His four-minute film Mouse’s Birthday serves as a musical meditation on addiction that combines greenscreen, animation, silent film, animal costumes, and live-action along with a mock heroic children’s rhyme sung in a creepy discordant tune. In it, a greedy mouse gets squashed by the cake he craves, a womanizing cockroach gets stomped by the object of his affection, and a vainglorious punk-rocker gets gaybashed while admiring himself in the mirror. All three characters end up in a strange afterlife surrounded by dieties, demonic clowns, and musclemen flexing in leather masks.

Morse’s fairy tale film lives somewhere between Sesame Street and Nightmare on Elm Street. By exploring addiction, insecurity, and queer-bashing in playful, child-friendly mediums, he heightens and minimizes the seriousness of his subject matter and makes something that’s funny yet troubling, cute yet scary.

“I have this extreme fascination with childhood,” Morse tells Queerty. “As a child there’s no limits to your imagination, so it can be terrifying — the unknown. For example, the mask of the cockroach [in Mouse’s Birthday] was based on elementary school masks and New Guinea tribal masks. I mixed this historical tribal mask with the innocence and terrifying-ness of a child’s creation, which to me is more scary than anything that adults come up with because of it comes from a mind unable to render reality.”

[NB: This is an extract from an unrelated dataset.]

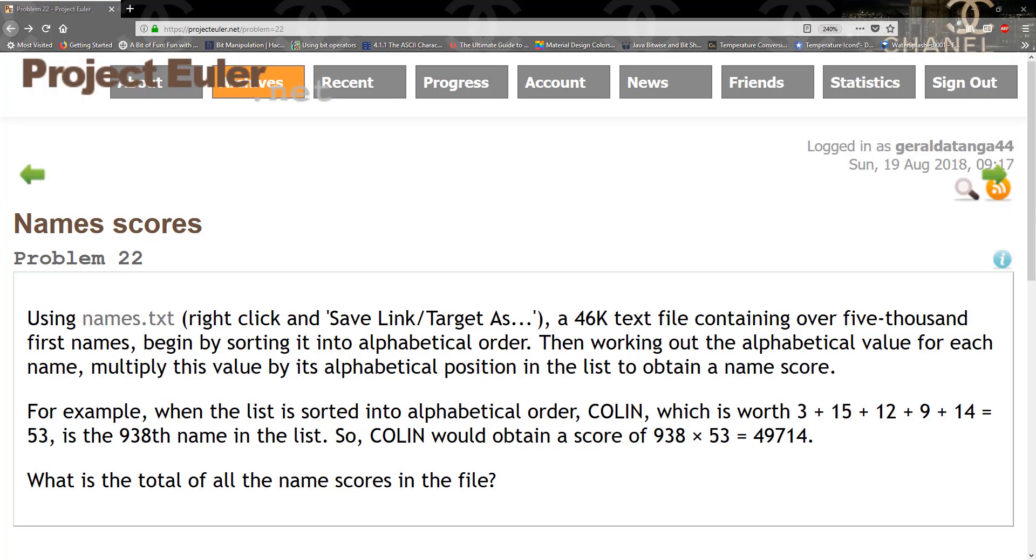Hello guys and welcome to another tutorial. We're going to be solving Name Scores, which is Problem 22 on Project Euler.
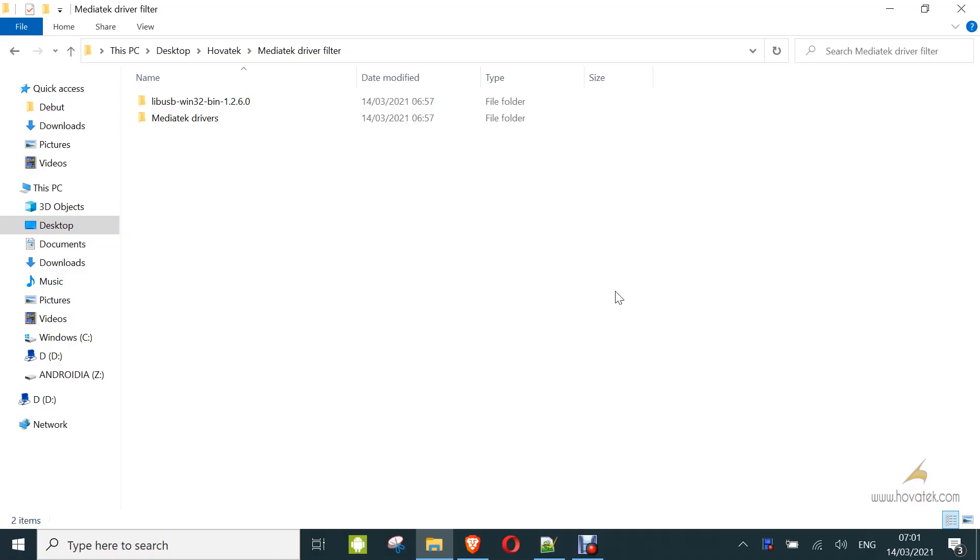In this video tutorial, I will explain how to install a device filter for a Minitech Android device using LiveUSB. This guide comes in handy for those who are trying to use the MTK bypass, DA and ALT bypass exploit.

He actually got the idea for the film while at a restaurant in Tel Aviv. Dressed in eye makeup, a mesh tank top, and a mohawk, Morse stood out from the conservative t-shirt and jeans of Israel’s military set. While checking out a group of “four of the most beautiful men [he] had ever seen,” Morse suddenly got an internal feeling of hatred from the group and became worried that they might even jump him. He acknowledges that he might have imagined it all, but he found it terrifying yet ironic that he had wanted their attention to begin with — a paradox which formed basis of his film.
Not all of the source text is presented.